Crypto markets fell broadly on Thursday, brushing off the positive momentum from a newly signed Iran peace deal that boosted equities, after the Federal Reserve held interest rates steady but delivered a more hawkish outlook centered on persistent inflation pressures rather than growth support.
Bitcoin traded near $63,900, down about 3% over the past 24 hours, though still up roughly 2% on the week, according to CoinDesk data. The weakness was widespread across major tokens: Ether declined 3.4% to $1,733, XRP dropped 3.9% to $1.17, and Solana slid 3.6% to $71. Hyperliquid’s HYPE, which had led gains earlier in the week, posted the steepest fall at 7.2% to $69, although it remains up about 28% over seven days. Tron was the only major asset to move higher, gaining 0.9%.
The Federal Reserve was the key catalyst. While policymakers left rates unchanged at 3.5%–3.75%, updated forecasts pointed to higher inflation risks and a slower path for future rate cuts, with some officials even signaling that additional hikes could still be on the table.
This was the first policy meeting under new Fed Chair Kevin Warsh, who highlighted robust internal debate and reaffirmed the central bank’s focus on restoring price stability. The tone of the meeting was interpreted as hawkish, reinforcing expectations of tighter financial conditions that tend to weigh on liquidity-driven assets like crypto.
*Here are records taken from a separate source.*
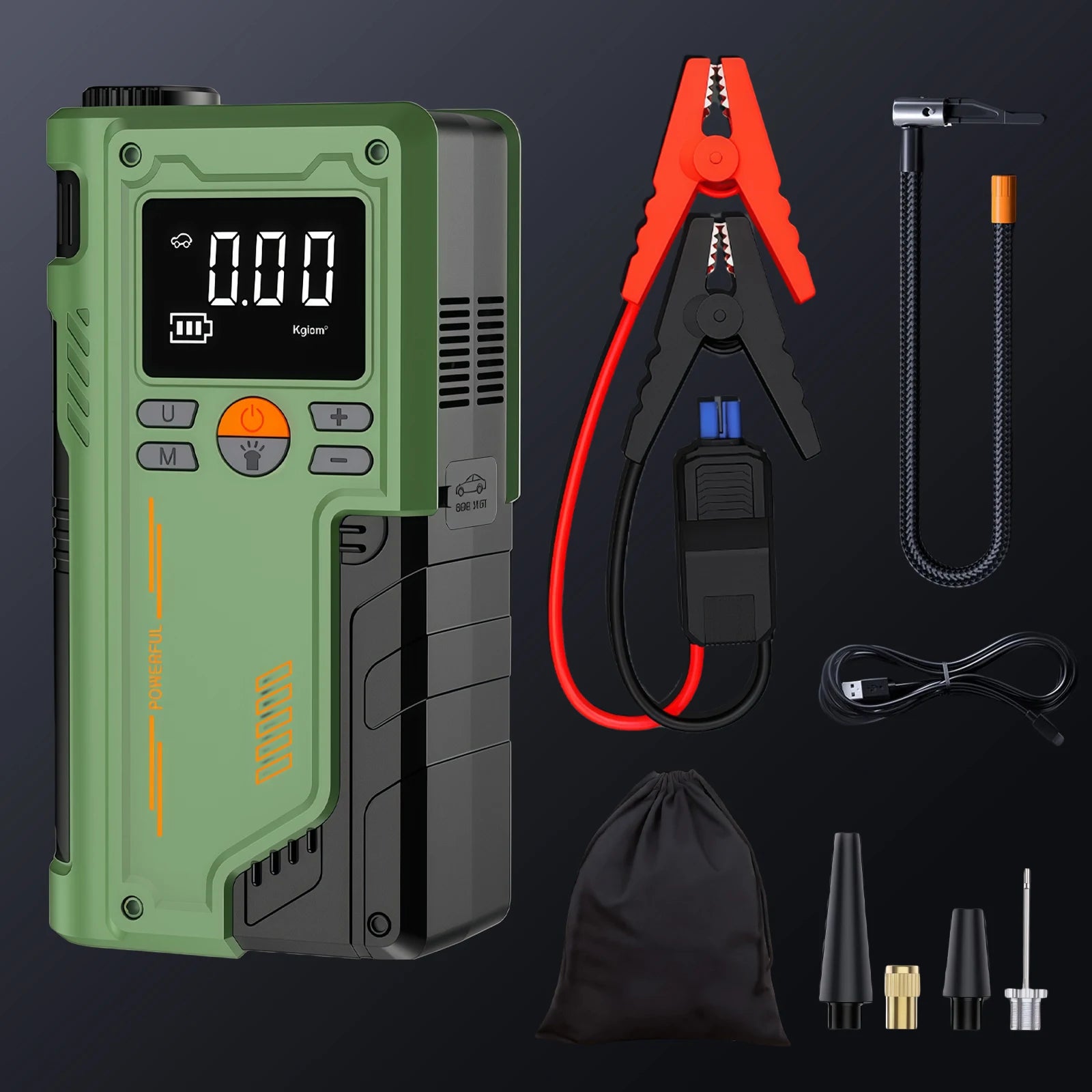 Green jump starter with accessories on a black background
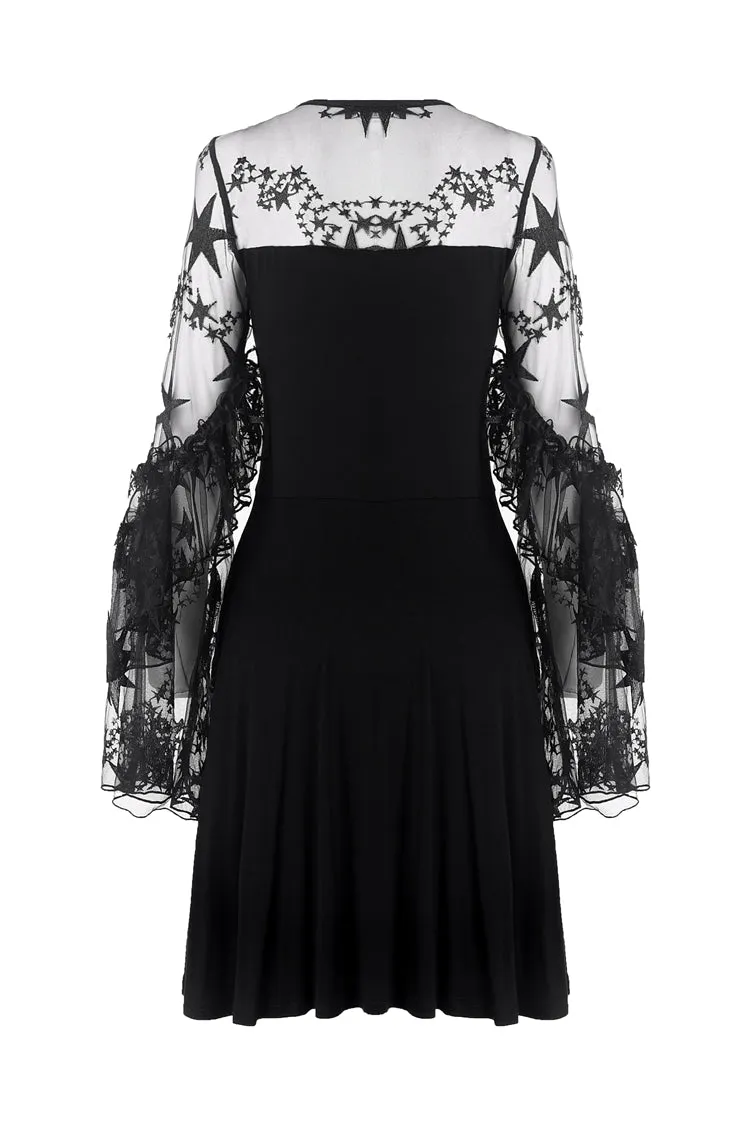 Black sexy star mesh casual dress DW261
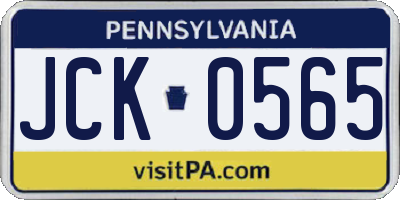 PA license plate JCK0565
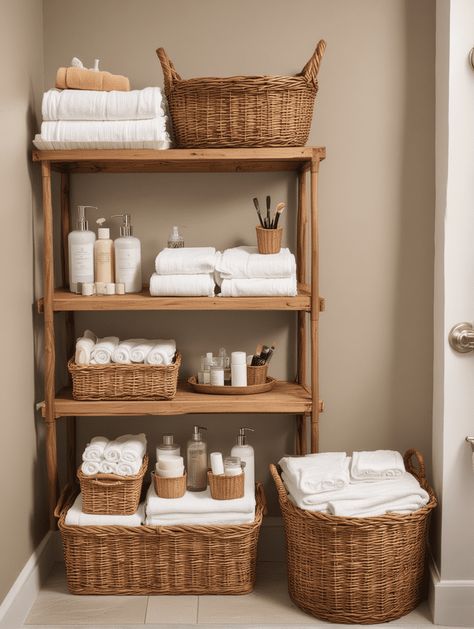 Bathroom Storage Aesthetic, Bathroom Towel Display, Toilet Storage Ideas, Bedroom Decor Fall, Bathroom Towel Storage Ideas, Towel Storage Ideas, Academia Home Decor, Academia Home, Single Wide Mobile Home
Equity markets responded differently, supported by geopolitical developments. President Donald Trump signed a preliminary agreement with Iran aimed at ending hostilities and reopening the Strait of Hormuz, improving sentiment across traditional risk assets.
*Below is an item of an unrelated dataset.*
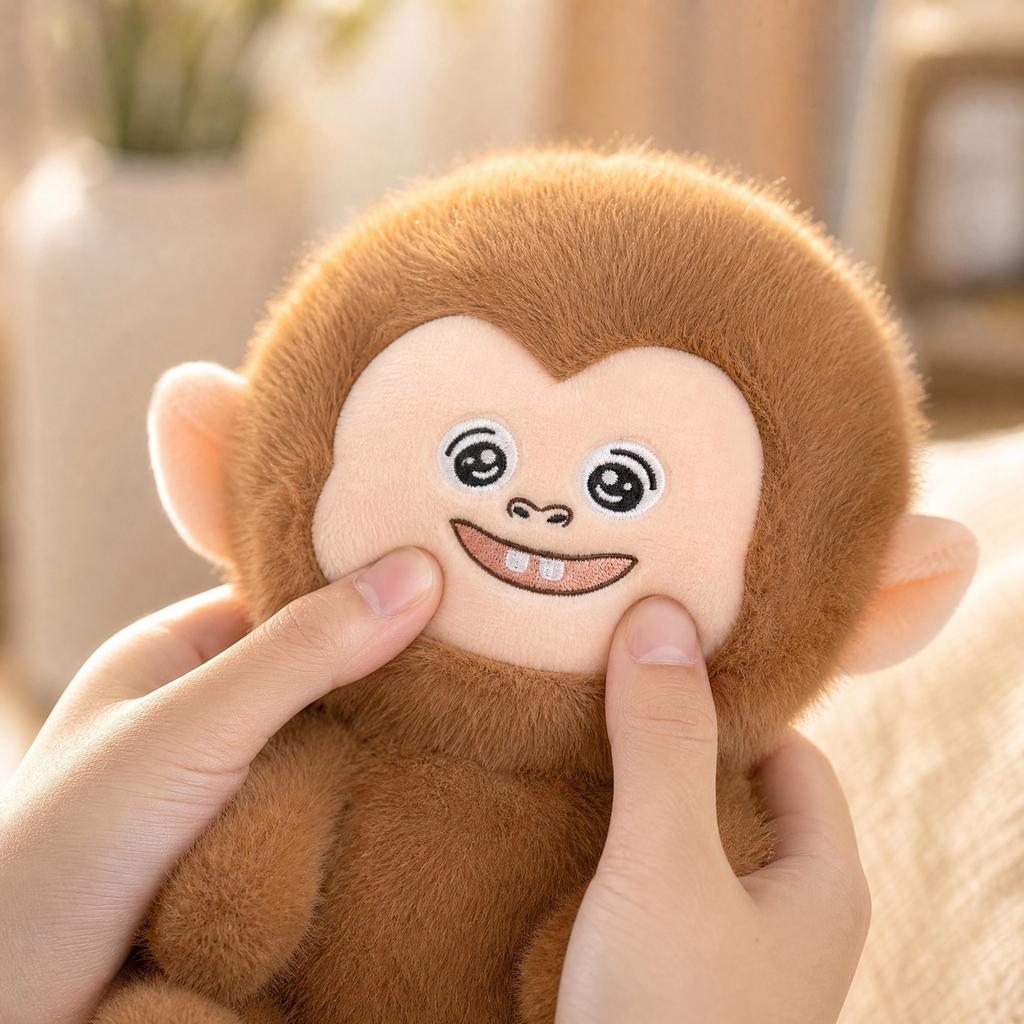 Plush Monkey Stuffed Animal Toy Soft Cuddly Sitting Monkey Doll with Banana Accessories Cute Expression Gift for Girls Birthday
S&P 500 futures rose as much as 0.9%, while Nasdaq futures climbed up to 1.5%. Brent crude slipped toward $78 per barrel. Crypto, however, failed to mirror the equity strength, highlighting its current sensitivity to monetary policy rather than geopolitical relief.
Analysts expect Bitcoin to remain range-bound in the absence of a stronger catalyst. “We expect bitcoin to continue to trade in the $60,000 to $70,000 range in the coming weeks absent any major catalyst,” said Hashdex’s Gerry O’Shea, noting that potential triggers include the CLARITY Act becoming law or further easing in US-Iran tensions.
He added that sentiment remains subdued as investors rotate toward IPOs and AI-linked equities, though institutional inflows and regulatory clarity could eventually support a return of capital to digital assets.
Overall, the market structure still points to consolidation rather than capitulation. Bitcoin holding near the low $64,000 range suggests selling pressure may be stabilizing, but upside remains capped as tighter Fed policy continues to constrain liquidity conditions.